Unforgettable pics of VN pre 1975

Link:

http://www.flickr.com/photos/35755536@N06/sets/72157614441863408/show/


----------



## JJOIFVET (Jun 24, 2009)

Thanks for the link. I enjoyed looking at those pictures. Too many times people forget about the Vets who faught in the past.


----------



## Gypsy (Jun 24, 2009)

Agree.  Thank you Trip_Wire.


----------



## Trip_Wire (Jun 24, 2009)

The link was sent to me by a Vietnamese SEAL Kiet Nguyen. He was awarded the US Navy Cross for his role in the Bat-21 rescue.
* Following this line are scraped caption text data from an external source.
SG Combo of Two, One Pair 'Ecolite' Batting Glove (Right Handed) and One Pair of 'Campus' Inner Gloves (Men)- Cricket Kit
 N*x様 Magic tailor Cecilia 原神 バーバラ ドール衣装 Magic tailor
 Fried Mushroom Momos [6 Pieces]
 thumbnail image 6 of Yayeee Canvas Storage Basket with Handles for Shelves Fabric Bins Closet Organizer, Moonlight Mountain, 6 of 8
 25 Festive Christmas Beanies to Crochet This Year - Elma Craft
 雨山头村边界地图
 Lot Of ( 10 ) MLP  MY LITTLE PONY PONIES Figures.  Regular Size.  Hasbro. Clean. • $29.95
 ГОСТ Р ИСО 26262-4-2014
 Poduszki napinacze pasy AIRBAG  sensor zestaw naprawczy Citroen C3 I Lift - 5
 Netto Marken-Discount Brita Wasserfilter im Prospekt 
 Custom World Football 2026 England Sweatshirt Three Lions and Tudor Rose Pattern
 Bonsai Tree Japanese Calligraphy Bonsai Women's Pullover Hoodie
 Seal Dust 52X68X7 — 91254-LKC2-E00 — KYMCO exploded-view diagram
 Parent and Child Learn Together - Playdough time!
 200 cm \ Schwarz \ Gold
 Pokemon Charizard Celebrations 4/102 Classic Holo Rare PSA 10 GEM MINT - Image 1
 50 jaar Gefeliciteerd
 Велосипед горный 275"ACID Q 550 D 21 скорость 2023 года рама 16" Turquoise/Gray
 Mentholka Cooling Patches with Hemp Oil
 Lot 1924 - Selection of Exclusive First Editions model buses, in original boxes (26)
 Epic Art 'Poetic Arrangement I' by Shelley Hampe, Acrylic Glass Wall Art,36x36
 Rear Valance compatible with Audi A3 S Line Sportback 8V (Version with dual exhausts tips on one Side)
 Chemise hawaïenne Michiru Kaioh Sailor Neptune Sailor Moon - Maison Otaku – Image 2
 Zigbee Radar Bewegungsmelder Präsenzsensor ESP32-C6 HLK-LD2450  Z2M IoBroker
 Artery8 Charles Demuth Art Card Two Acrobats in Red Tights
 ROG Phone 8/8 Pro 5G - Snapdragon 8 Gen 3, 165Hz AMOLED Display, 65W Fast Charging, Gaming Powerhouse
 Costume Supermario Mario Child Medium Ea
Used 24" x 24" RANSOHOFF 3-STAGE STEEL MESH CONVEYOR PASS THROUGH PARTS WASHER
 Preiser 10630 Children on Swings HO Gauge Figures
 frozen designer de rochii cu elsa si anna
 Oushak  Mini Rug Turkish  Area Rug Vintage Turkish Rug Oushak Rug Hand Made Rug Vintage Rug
He is a personal friend of mine and is a member of SFA Chapter 16. He calls me his 'big brother.'

I have never met a more patriotic American! ;)


----------



## tip001 (Jun 24, 2009)

Great photos Trip :) 

I have a few photos of my grandfather taken during the Vietnam War.  It's nice to look back and remember those who fought in WW1/2, Korean War, Vietnam and so on.


----------



## HOLLiS (Jun 25, 2009)

Cam'on,

Great photos, thank you and Kiet.


----------



## arizonaguide (Jun 25, 2009)

Thank you Trip, and thanks to Kiet!



Trip_Wire said:


> I have never met a more patriotic American!


Same for my wife, Trip. The FIRST to stand and honor the Flag. The FIRST to stand up for freedom/USA.:2c:


----------



## Poetic_Mind (Jun 25, 2009)

Great pics. I had a grandfather that was a 1stSGT in the Vietnam War. He was in artillery. He's told me some interesting stories. One of which was situated in an area called Duc Lap. I hope to get the whole story sometime from him and share it.


----------



## 7point62 (Jun 26, 2009)

Awesome slide show, Trip. You put me right back with my ARVNs again.


----------